DIRECTIONS FOR THIS TASK: When you reproduce the listing, keep every word as it is and drop the pictures.

AVAILABLE DATA:
+ + + +

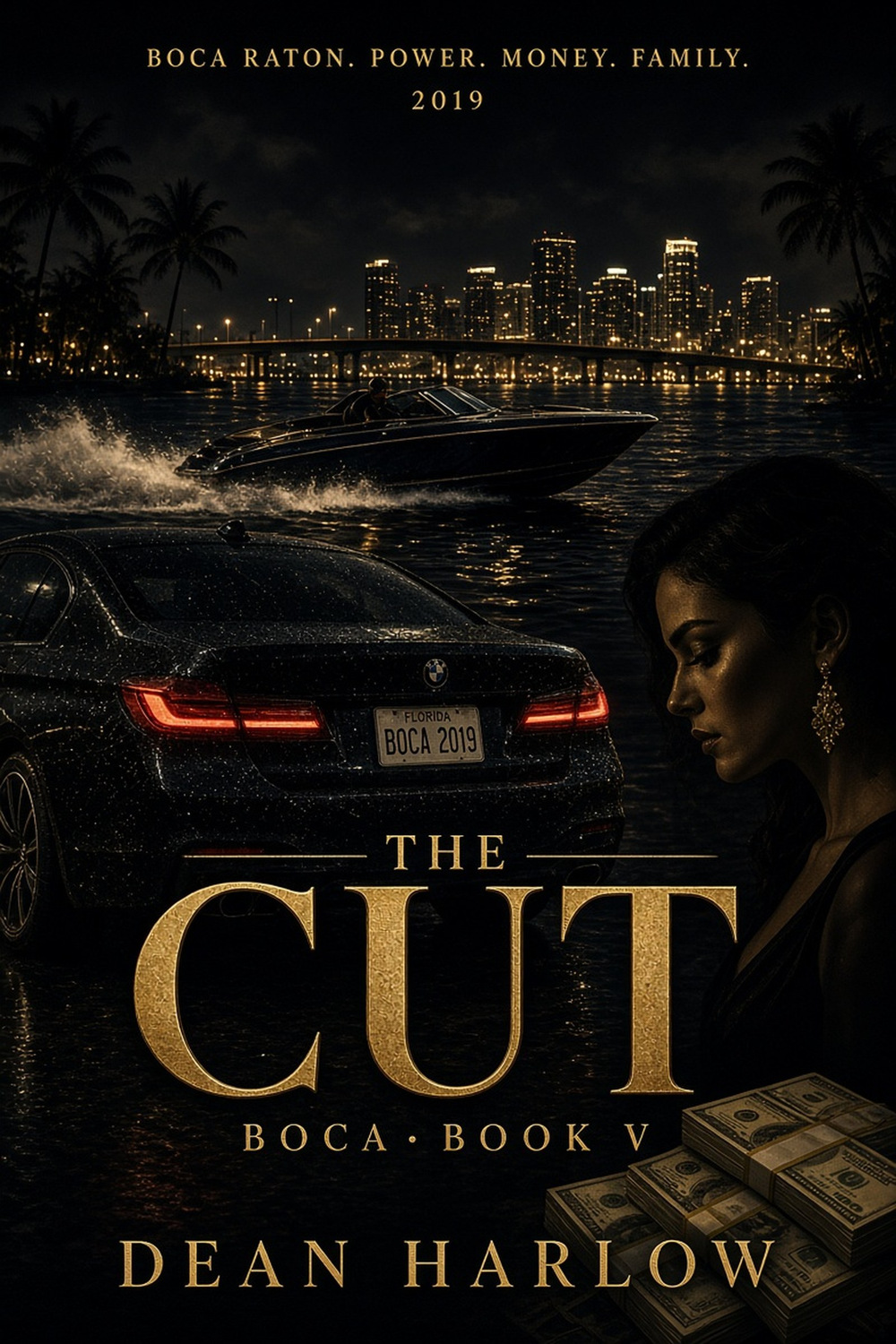 The Cut — cover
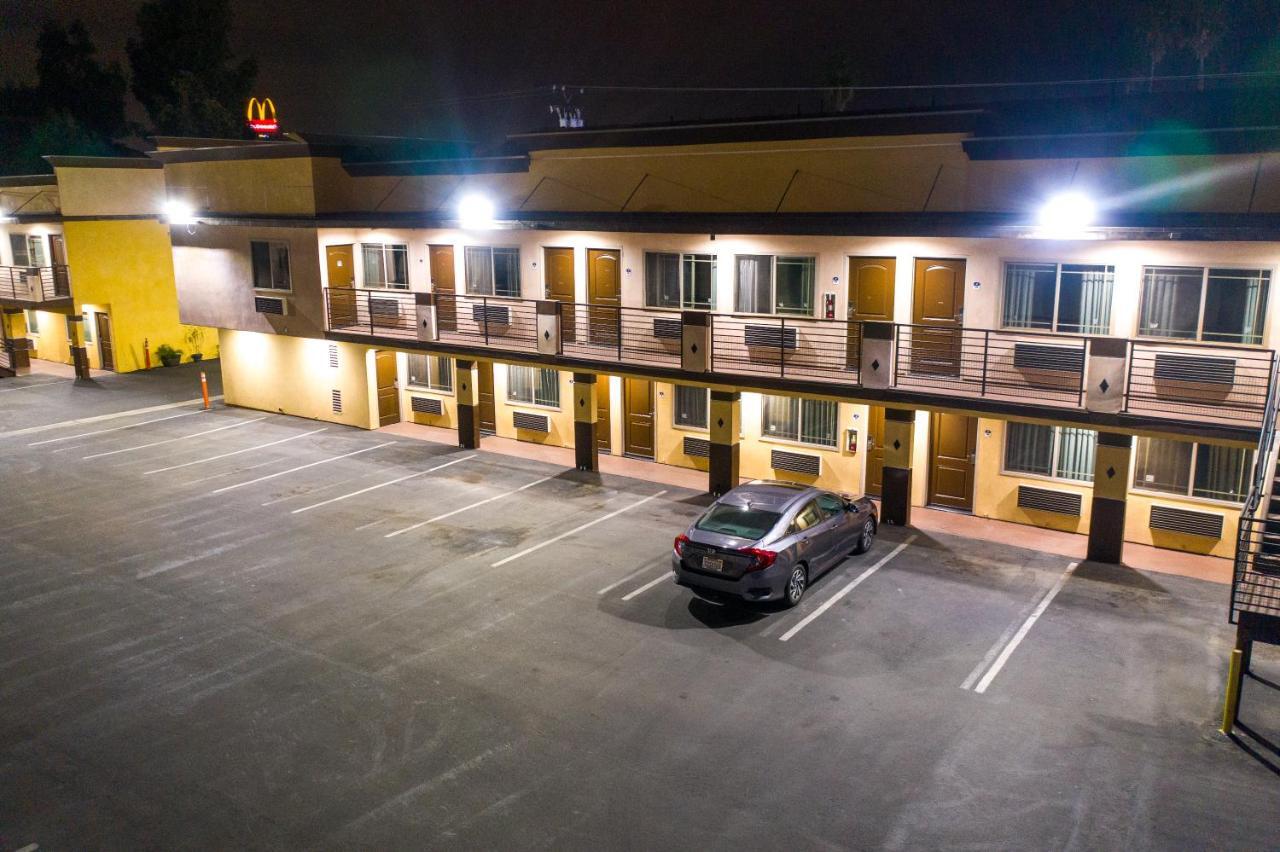 Starlight Inn South El Monte Luaran gambar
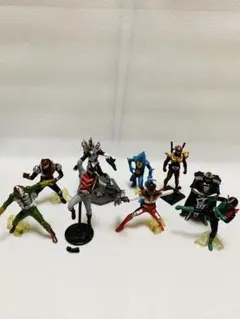 仮面ライダーHGシリーズ　まとめ売り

+ + + +

SOLUTION TO THIS EXERCISE:
 The Cut — cover
 Starlight Inn South El Monte Luaran gambar
 仮面ライダーHGシリーズ　まとめ売り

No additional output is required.